**How to complete this task**
Return the listing below unchanged, except that the pictures are dropped.

**Available data**
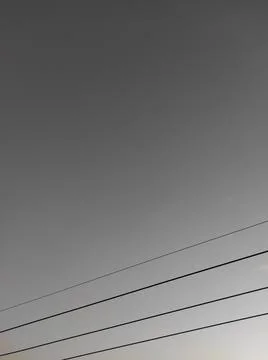 A minimalist composition features a gradient sky with four parallel black lines. Stock Photos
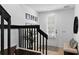 Modern entryway featuring a bench, plant, and staircase at 4713 Anson Ln, Orlando, FL 32814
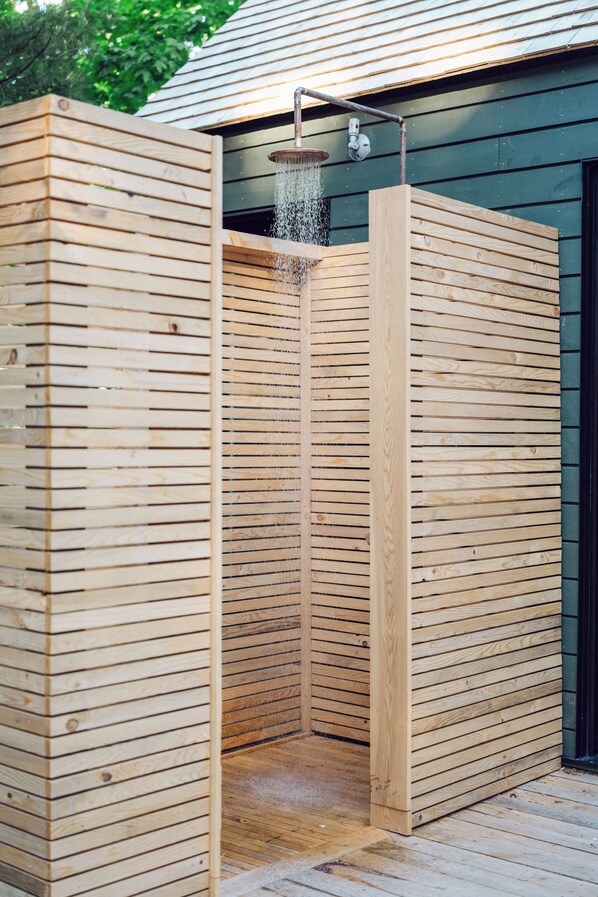 Un cerramiento para ducha exterior de madera con cabezal de ducha tipo lluvia.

**Solution below**
 A minimalist composition features a gradient sky with four parallel black lines. Stock Photos
 Modern entryway featuring a bench, plant, and staircase at 4713 Anson Ln, Orlando, FL 32814
 Un cerramiento para ducha exterior de madera con cabezal de ducha tipo lluvia.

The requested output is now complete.